Reproduce only the lines of the material below that start at the line containing "디럭스 룸, Willow" and stop at the line containing "Coussin avec portrait". Keep both end lines.

DATA:
= Beginning of Section =
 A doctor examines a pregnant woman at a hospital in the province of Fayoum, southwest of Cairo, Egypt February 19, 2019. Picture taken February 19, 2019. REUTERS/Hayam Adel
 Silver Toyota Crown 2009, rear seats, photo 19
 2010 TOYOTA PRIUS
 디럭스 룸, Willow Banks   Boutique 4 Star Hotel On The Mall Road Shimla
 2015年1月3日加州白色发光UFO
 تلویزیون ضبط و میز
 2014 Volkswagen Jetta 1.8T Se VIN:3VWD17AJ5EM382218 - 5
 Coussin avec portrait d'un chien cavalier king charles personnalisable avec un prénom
= End of Section =
= Beginning of Section =
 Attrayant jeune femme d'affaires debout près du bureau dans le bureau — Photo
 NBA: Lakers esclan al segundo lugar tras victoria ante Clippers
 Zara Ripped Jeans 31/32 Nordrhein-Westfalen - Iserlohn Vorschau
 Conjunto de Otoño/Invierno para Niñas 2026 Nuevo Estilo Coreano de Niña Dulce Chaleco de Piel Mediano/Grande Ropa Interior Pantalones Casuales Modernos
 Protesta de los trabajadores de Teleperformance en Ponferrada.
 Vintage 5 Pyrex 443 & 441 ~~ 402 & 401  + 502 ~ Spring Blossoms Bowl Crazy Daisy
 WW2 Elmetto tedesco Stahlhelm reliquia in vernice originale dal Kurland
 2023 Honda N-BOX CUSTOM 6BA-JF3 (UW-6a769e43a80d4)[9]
= End of Section =
= Beginning of Section =
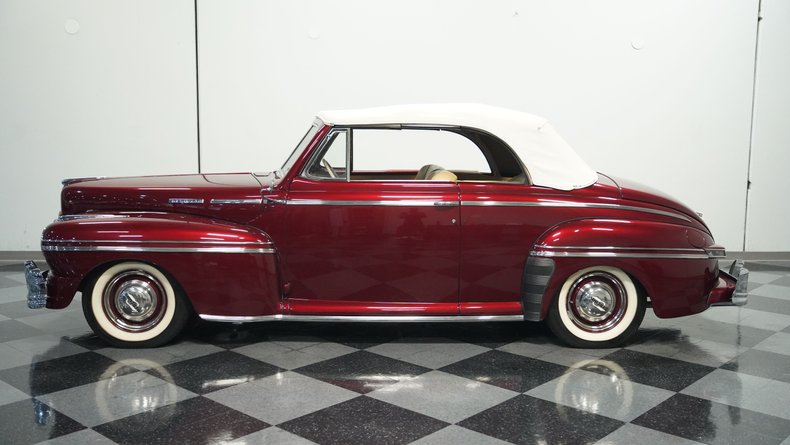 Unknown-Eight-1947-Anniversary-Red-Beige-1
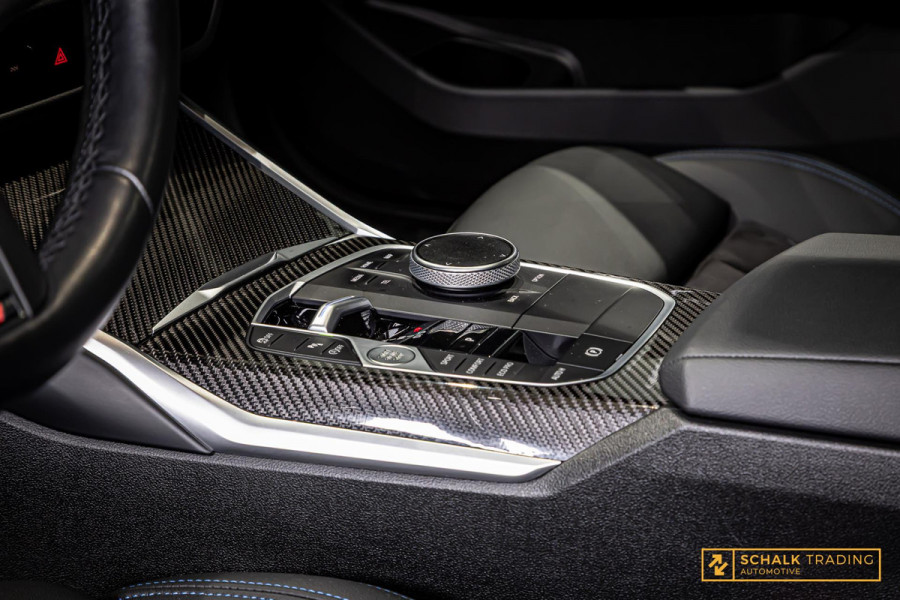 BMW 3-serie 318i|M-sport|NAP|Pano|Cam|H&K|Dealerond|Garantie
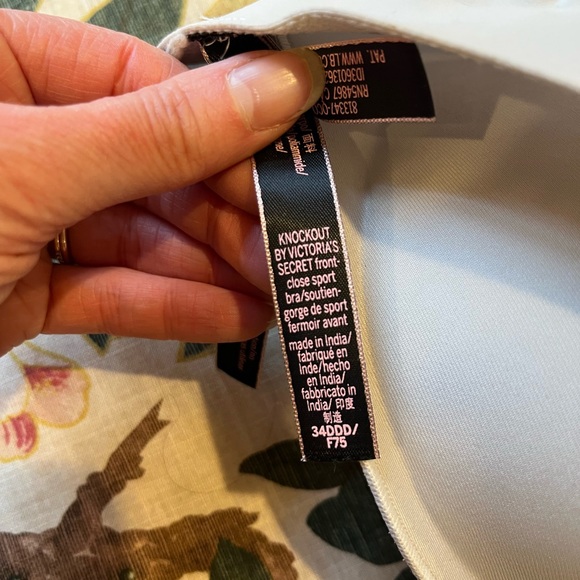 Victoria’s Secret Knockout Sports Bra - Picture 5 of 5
= End of Section =
TASK ANSWER:
 디럭스 룸, Willow Banks   Boutique 4 Star Hotel On The Mall Road Shimla
 2015年1月3日加州白色发光UFO
 تلویزیون ضبط و میز
 2014 Volkswagen Jetta 1.8T Se VIN:3VWD17AJ5EM382218 - 5
 Coussin avec portrait d'un chien cavalier king charles personnalisable avec un prénom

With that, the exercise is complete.